Dean reached over and pinched my side, using a lot more stealth than when he moved his game piece extra steps. I poked him in the ribs and got caught by Piper. She gave me the look I always gave her when she tried to hide her peas in her mashed potatoes.

“Be nice, Mom.”

“I’ll try.” I glanced up at the clock, calculating how long to let the game go before orchestrating a win. This was the most interesting part of the game for me, which was pretty sad. Maybe we should have chosen something more entertaining for Dean’s sake, but if he was bored, he hid it well. Another thing he was better at than me. I’d been told I needed to work on my happy-to-be-here face. I believed it .

Dean stopped cheating and immediately sailed down a chute into never-going-to-win-land. At a minute to eight p.m., Piper beat me by a small margin, just as I predicted.

“See, your cheating didn’t even work, Mom.” She sounded so smug.

I hugged her. “Congratulations, kid. You have a big day tomorrow with the birthday breakfast and the lemonade stand. It’s bedtime.”

Piper opened her mouth to protest, and a big yawn came out.

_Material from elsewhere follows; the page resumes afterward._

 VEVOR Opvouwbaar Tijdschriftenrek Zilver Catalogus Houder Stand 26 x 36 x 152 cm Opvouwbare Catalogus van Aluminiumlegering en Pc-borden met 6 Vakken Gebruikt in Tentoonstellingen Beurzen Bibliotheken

She wrapped her arms around me tighter. “Okay. I’ll go to bed. Can I stay up late tomorrow?”

“For sure.”

I didn’t think of the ramifications of putting her to bed on time until Dean was leaning in her doorway after she’d brushed her teeth, and I was tucking her in. I hadn’t had a man over after Piper was asleep in… oh… ever. I’d thought he would excuse himself and go home after Chutes and Ladders, but he didn’t, and I didn’t hint at him needing to, and now it felt like Irish step dancers were doing a jig across the bottom of my stomach.

I’d sensed this coming for a while now, this dare that Dean dangled in front of me. I dare you to like me back . I dare you to let me make a move. I dare you to let me in.

It was a strange setup for a friendship. Maybe it wasn’t all my fault we weren’t really friends. Yes, I was nervous around him, but he made it worse with the way he looked at me.

“Five songs?” Piper asked, clutching the soft ducky she always slept with. She smoothed down the fluff at the top of the stuffed animal’s head and kissed it.

“Sure, Piper-doll. Five songs.” I could feel Dean’s attention on us. Like we were interesting zoo animals to him. Well then, I’d start with “Old MacDonald Had a Farm.” By the time we got through all the barnyard animals, he’d wish he’d never shown an interest in our singing.